Soon Ivan hears knocking in the car. He thinks it is the engine knocking, but the knocking is coming from the trunk. There Ivan finds his friend Yakov, who decided to go secretly with Ivan and wanted to go into the bushes to relieve himself. Yakov is mentally ill, walks around with a homemade imitation of a rifle and medals on his torn jacket and communicates with short standard phrases ("Lyuba!" "To Moscow!" "Hands up!" "Yakov is smart!" "Yakov will put you all in jail!" "Kyshi-myshi, fried nails" etc.).

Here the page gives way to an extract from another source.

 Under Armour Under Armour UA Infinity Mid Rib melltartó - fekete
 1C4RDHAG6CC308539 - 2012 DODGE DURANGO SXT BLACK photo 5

At this time, strange people dressed as policemen drive up to Ivan. They treat Ivan to beer, but immediately threaten to write a report for drunk driving and for attempting to give a bribe. They are told something over the radio, and they quickly drive away. Then Ivan sees these people catching up and shooting at a Mercedes. Ivan understands that they were bandits, hurries to help and pulls a well-dressed man named Alexey, who turns out to be a businessman - a "new Russian", from a car that fell into the river. Despite the well-known stereotypes, Alexey turns out to be a kind and pleasant person; he invites Ivan and Yakov to his home, where they have dinner and talk about business and children, and as a farewell gift he gives Ivan a mobile phone and invites him to visit him in Moscow, where he will be in two days.

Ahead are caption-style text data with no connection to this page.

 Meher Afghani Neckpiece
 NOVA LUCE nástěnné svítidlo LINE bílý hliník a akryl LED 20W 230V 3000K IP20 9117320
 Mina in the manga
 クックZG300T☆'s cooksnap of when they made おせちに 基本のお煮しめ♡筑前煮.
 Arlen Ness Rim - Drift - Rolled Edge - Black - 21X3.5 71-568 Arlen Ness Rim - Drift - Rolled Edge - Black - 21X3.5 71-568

Ivan tries to send Yakov home on an intercity bus, but he takes offense at Ivan and, pretending to get on the bus while Ivan was talking to the driver, leaves through the back door. Ivan scolds Yakov, but he has no choice but to take Yakov with him further. Soon Ivan and Yakov meet two soldiers next to a broken KAMAZ, one of whom, having learned that his fiancée was marrying another, went AWOL, but the truck's engine broke down. The soldier named Zaur turned out to be "a person of Caucasian nationality", as he himself first introduced himself. He met his fiancée at the technical school where he studied before the army. Arriving in the village, the heroes find out that the initiator of the wedding was the bride's mother. The mother, for whom all people from the Caucasus, regardless of nationality and occupation, are bandits, accuses Zaur of the death of soldiers in Chechnya, declares that she will not let her daughter live in the village, ignoring the fact that he himself is a soldier of the Russian army, and perhaps did not live in the Caucasus, since he studied at the local technical school. The bride turns to look at Zaur, the upset Zaur throws himself into a puddle, and Ivan uses the phone given to him by Alexey to call the unit commander and explain the situation so that the soldier is not punished for going AWOL. Then Ivan goes to visit his brother-in-law, who shares his joy - his daughter Nina is returning home from a music competition in Paris, where she won first prize - $15,000, and his Moskvich, as luck would have it, has a dead battery. When Ivan and his brother-in-law arrive at the pier, the joy for Nina is overshadowed by the fact that Nina chose not money as a prize, but a musical instrument - a new harp, so that she would have something to practice on at the conservatory. At the suggestion of a local alcoholic ("I won't drink for two days! I'm giving you my cap too!"), the guests gathered for a feast and an impromptu concert chip in money to send Nina to another stage of the competition - to Japan, since the conservatory has no money for the trip.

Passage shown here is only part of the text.